-- Information given follows --
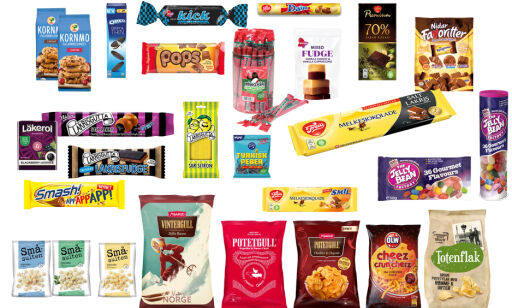 Se alt som kommer av godteri og snacks: Her er det mye vi gleder oss til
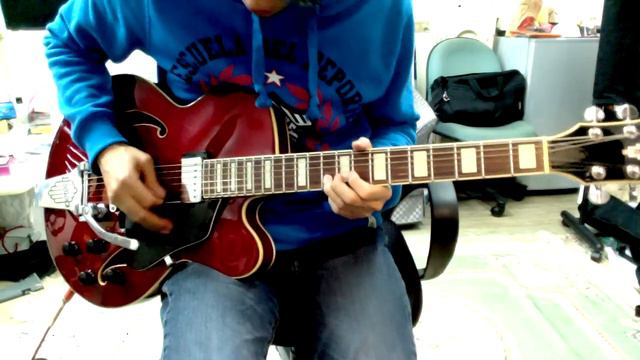Ibanez AFS75T Demo смотреть онлайн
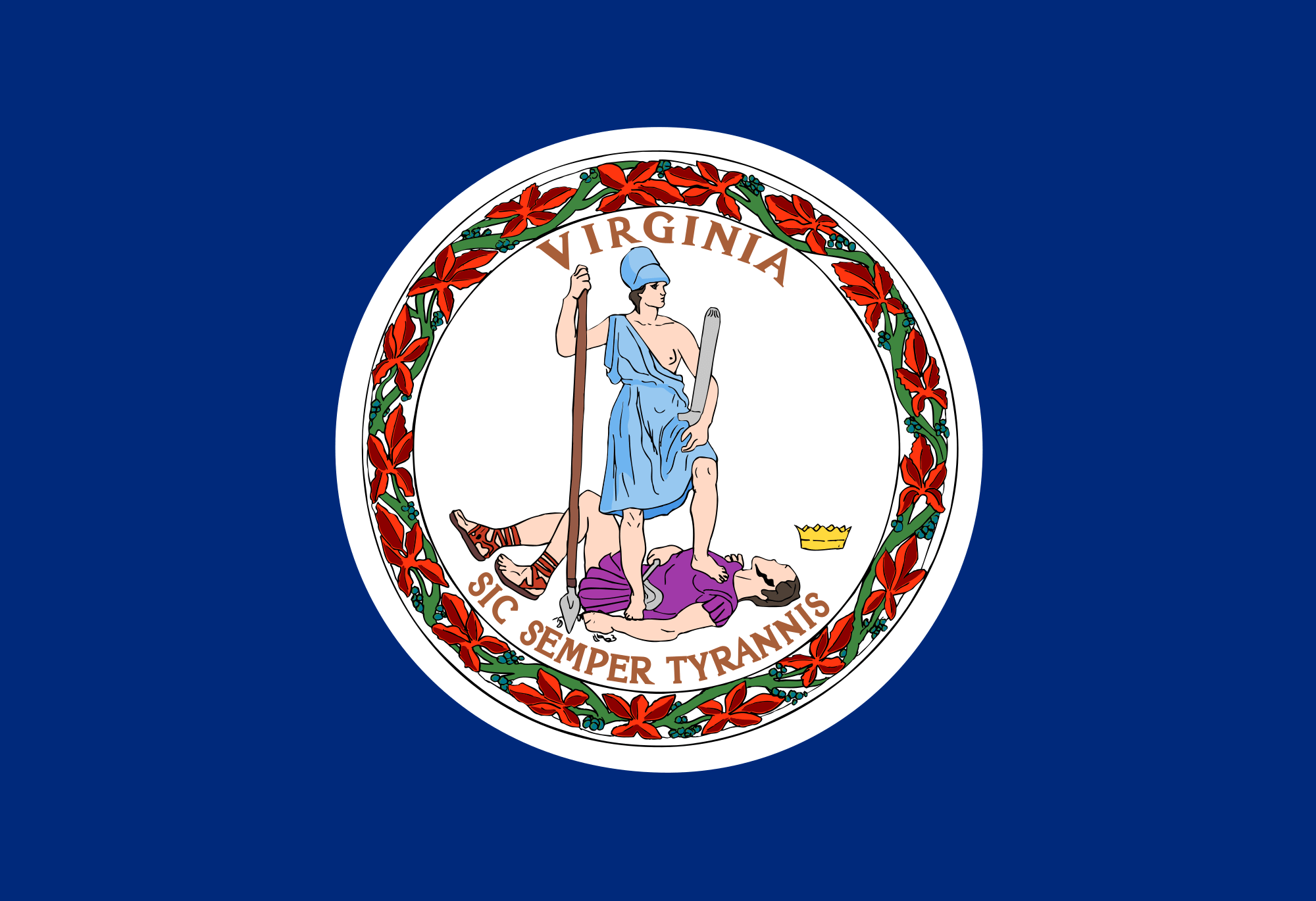 State Flag of Virginia
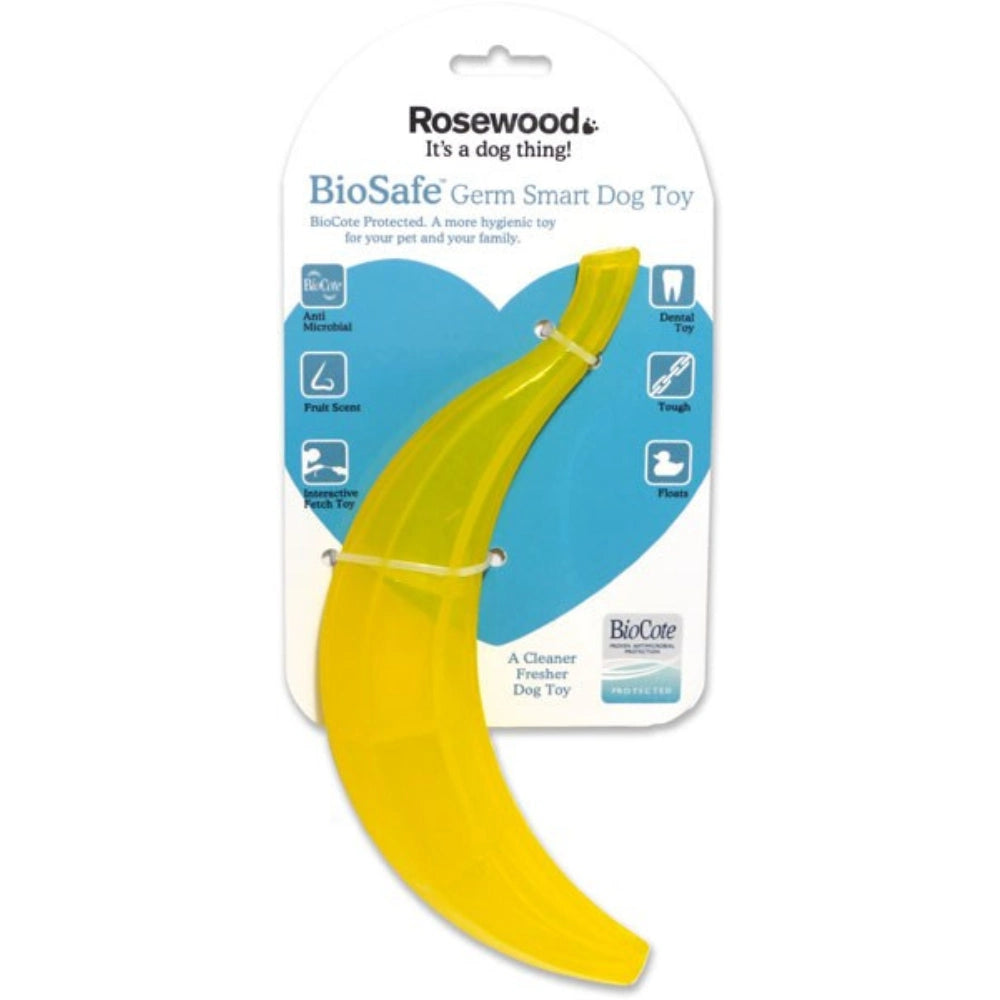 Rosewood - BANANA BIOSAFE TOY - Petservo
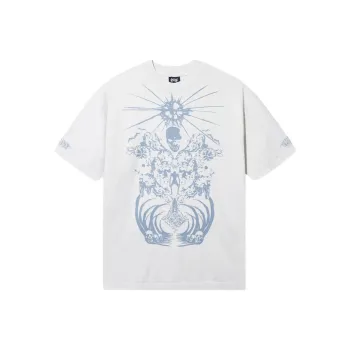 Revenge Death Note Collaboration T Shirts Unisex Lime Gray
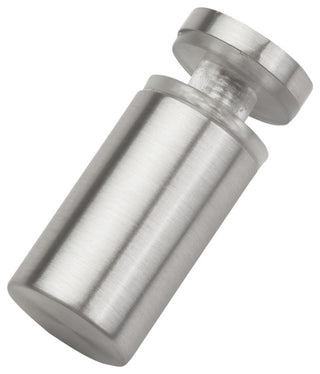 Mont Hard Single Side Shower Door Knob, Brushed Nickel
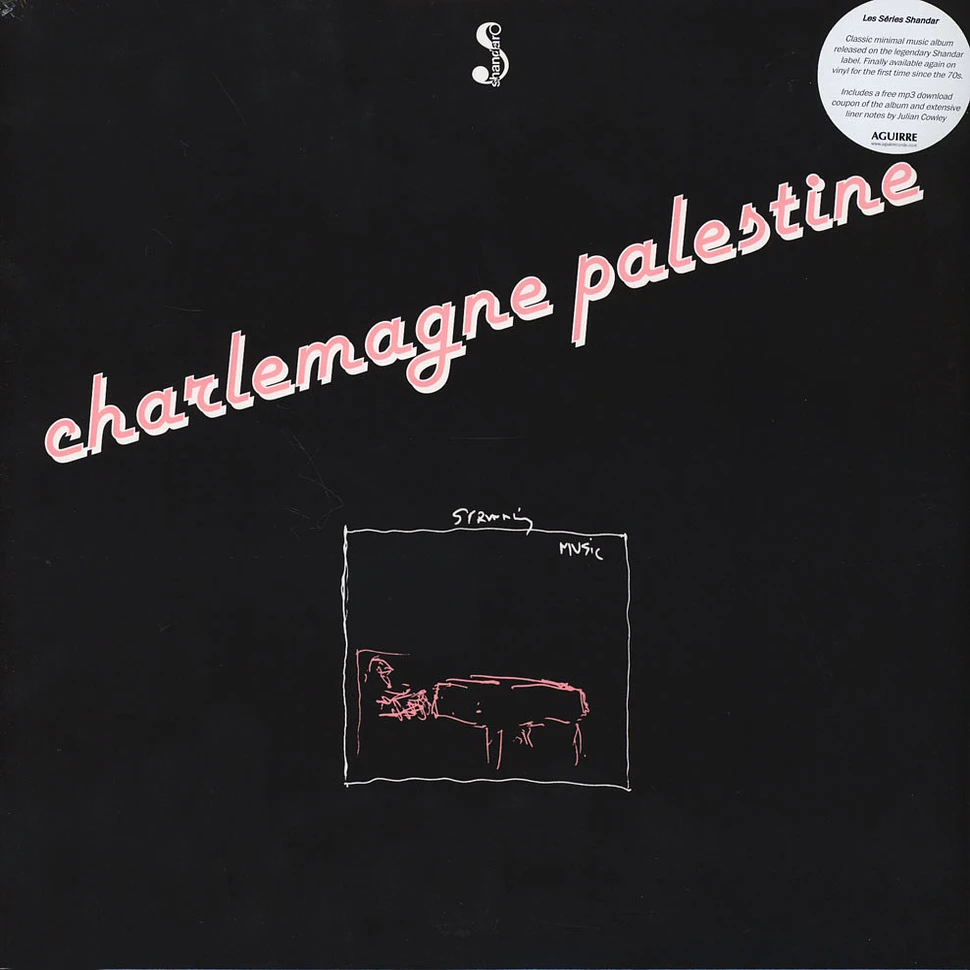 Charlemagne Palestine - Strumming Music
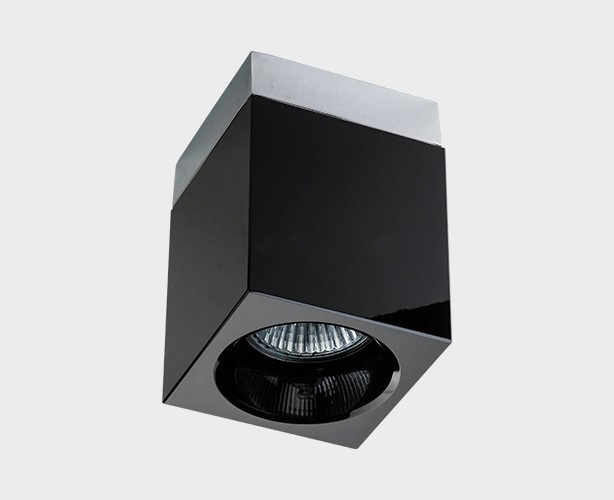 Светильник накладной Italline MRC0821S-1 black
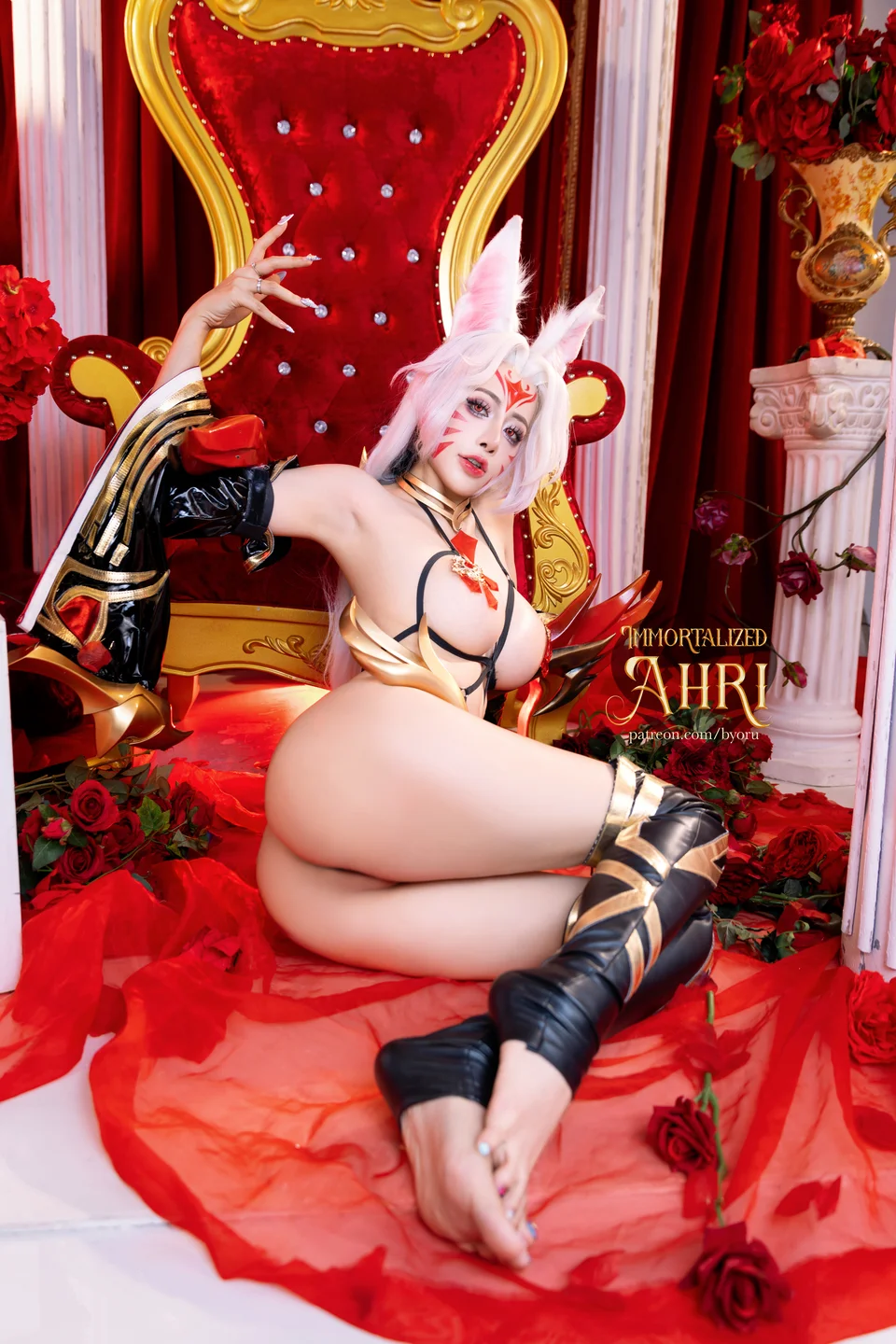 Byoru - Ahri Immortalized [54P,16V-2.48GB] tg@simisebaisi 【丝足阁】019.webp
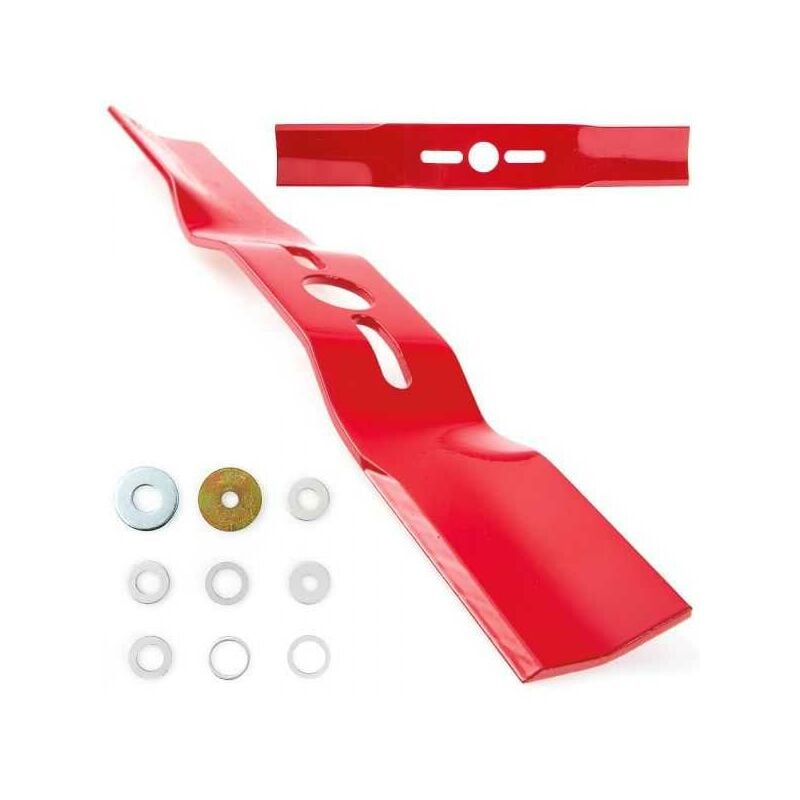 Oregon - Lame tondeuse universelle galbée. Coupe 40 cm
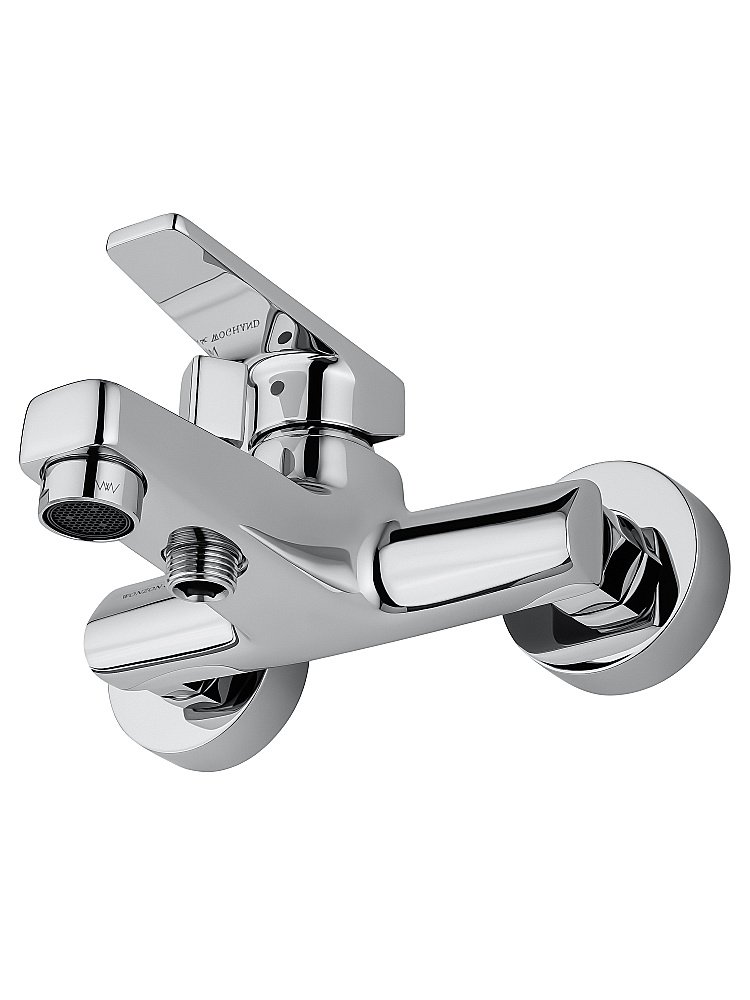 Смеситель для ванны WONZON & WOGHAND ATHENS, Хром (WW-083101-CR) купить в интернет-магазине сантехники Sanbest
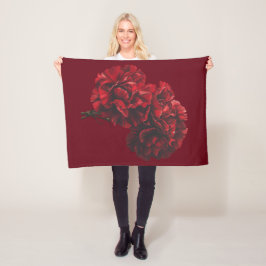 Manta Polar Masa de los Carlones Rojos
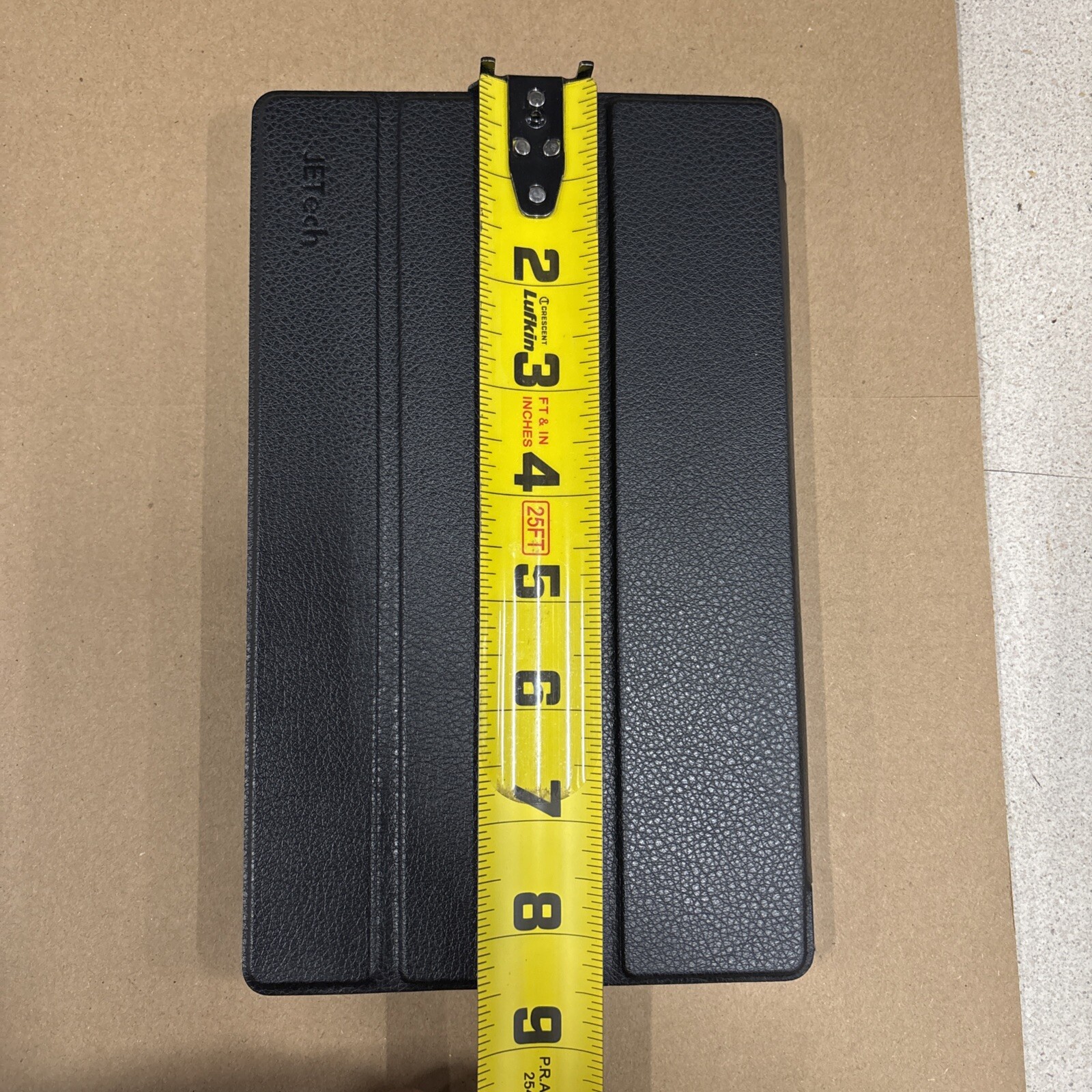 JETech Case for Amazon Fire HD 8 Tablet (8th / 7th / 6th Generation In Black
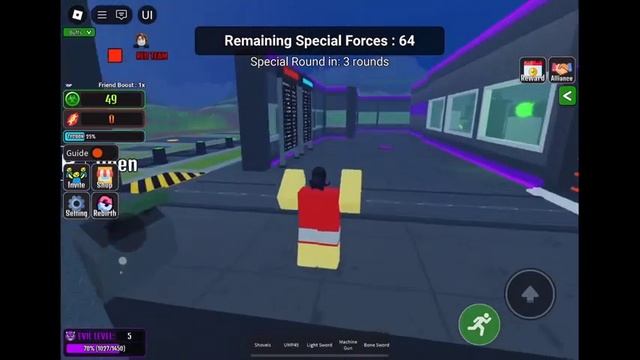 Zombie Wars Tycoon: первый день выживания против зомбаков! GRIND без остановки! 🛡️🔥 смотреть онлайн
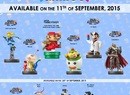 Nintendo Confirms September amiibo Release Details for North America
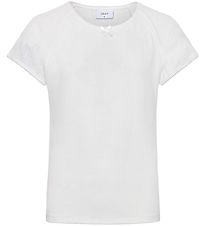Grunt T-shirt - GRPlujol - White w. Pointelle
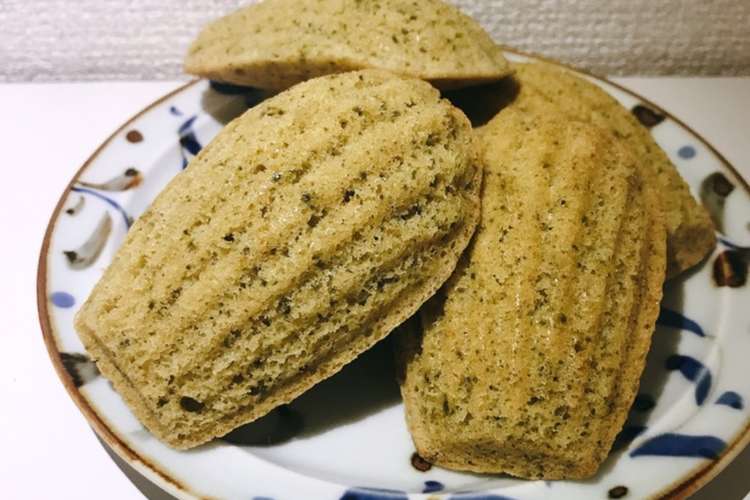 抹茶のマドレーヌ レシピ 作り方 By ゆゆ クックパッド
-- Information given concluded --
Every line above should be reproduced exactly, please, with no pictures included.

 Se alt som kommer av godteri og snacks: Her er det mye vi gleder oss til
Ibanez AFS75T Demo смотреть онлайн
 State Flag of Virginia
 Rosewood - BANANA BIOSAFE TOY - Petservo
 Revenge Death Note Collaboration T Shirts Unisex Lime Gray
 Mont Hard Single Side Shower Door Knob, Brushed Nickel
 Charlemagne Palestine - Strumming Music
 Светильник накладной Italline MRC0821S-1 black
 Byoru - Ahri Immortalized [54P,16V-2.48GB] tg@simisebaisi 【丝足阁】019.webp
 Oregon - Lame tondeuse universelle galbée. Coupe 40 cm
 Смеситель для ванны WONZON & WOGHAND ATHENS, Хром (WW-083101-CR) купить в интернет-магазине сантехники Sanbest
 Manta Polar Masa de los Carlones Rojos
 JETech Case for Amazon Fire HD 8 Tablet (8th / 7th / 6th Generation In Black
 Zombie Wars Tycoon: первый день выживания против зомбаков! GRIND без остановки! 🛡️🔥 смотреть онлайн
 Nintendo Confirms September amiibo Release Details for North America
Grunt T-shirt - GRPlujol - White w. Pointelle
 抹茶のマドレーヌ レシピ 作り方 By ゆゆ クックパッド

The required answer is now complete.